After Alaska came the titanic achievement in 2007’s Colors. I’m willing to give Between the Buried and Me grace in any future reviews of their work, because it is going to be brutally difficult to try and top a record like Colors. A single hour-long song may sound like a Tuesday for a prog band, but Between the Buried and Me’s frenetic, constantly evolving sonic is not easy to keep up for an hour’s time. Amazingly enough, they pulled it off, and to this day Colors remains a monumental achievement in metal music. It’s an undoubtedly ostentatious work that commands every second of its runtime, and it’s an absolute blast throughout. Anyone who found the death metal overbearing on Alaska had a lot more to like in terms of prog on Colors; as a result of that LP, Between the Buried and Me’s career trajectory has been toward prog metal legends.
Unfortunately, with The Parallax II: Future Sequence, they’ve hit something of a roadblock. Future Sequence, the second of a bizarrely-structured half EP/half album sequence that began with last year’s The Hypersleep Dialogues EP, is 72 minutes long. Having just discussed the prog fan’s propensity toward lengthy compositions, anyone reading this view likely didn’t bat an eye. Ordinarily, I wouldn’t either; since I’d gladly sit through the entirety of Colors any day, and I very much enjoyed The Hypersleep Dialogues. Future Sequence is only 10 minutes longer than the former; that much time couldn’t mess things up, could it?.

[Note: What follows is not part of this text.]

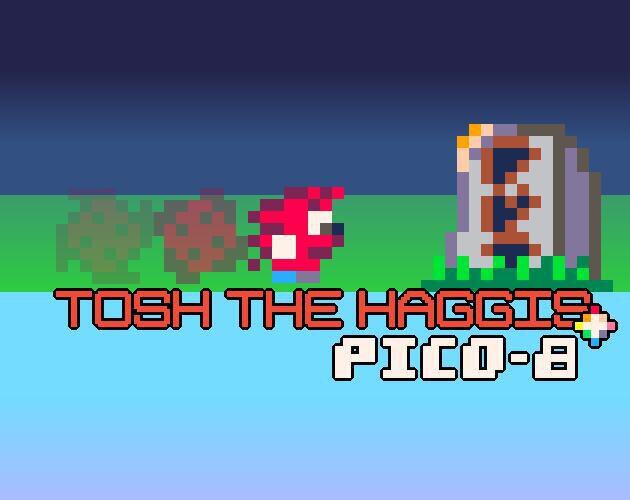 Tosh the Haggis - Pico 8 Experiment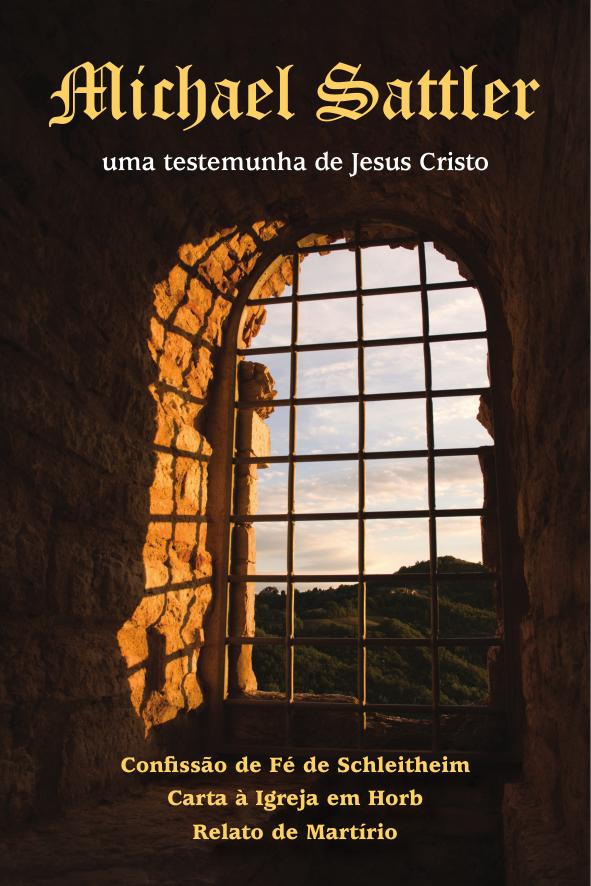 Michael Sattler - uma testemunha de Jesus Cristo Exibição de imagem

Well, it does. Very much so. This isn’t to say Future Sequence is a bad album; at times it’s as engrossing as their past material. The organ break a minute and a half into “Lay Your Ghosts to Rest?” Cool. Throwing in a dreamy piano waltz (“The Black Box?”) halfway through? An unconventional choice, sure, but it actually works quite well. The riffs at the beginning of “Astral Body?” Pretty awesome. But the feeling that’s left by when minute 72 has run up is that of sonic overload. With Colors, the music was dense and frequently shifting, but everything flowed so well together by some unexplainable quality that it didn’t feel like a chore to listen to. Sadly, this is the most chore-like thing this group has produced yet, a case of prog’s worst excesses taking over. In trying to be a Very Serious Concept Album, The Future Sequence lets the goal of being imposing run show, to the point that your watch is going to become atypically interesting by the time “Telos” kicks in. This all adds up to Between the Buried and Me’s Michael Bay moment: there’s a lot going on, it’s all flashy and cool, but one would expect more from the people who have made works of brilliance in the past.
To watch a group of musicians as talented as Between the Buried and Me capitulate to overindulgence, while not unexpected given their requisite style, is disappointing. Fortunately there’s enough in The Future Sequence to make one think there’s a great album to be found somewhere amongst these 13 tracks. In fact, to a newcomer, this might be the mind-blowing metal album of 2012. The technicality of the musicianship is as impressive as it’s ever been before, the fluidity of the transitions between the songs is well done, and there’s plenty of pulverizing death metal riffs. But even in The Future Sequence‘s best moments, it feels like the work of a band comfortable in its own ambition. It’s all too easy to be impressed, and that’s the exact kind of complacency one wouldn’t expect from these guys.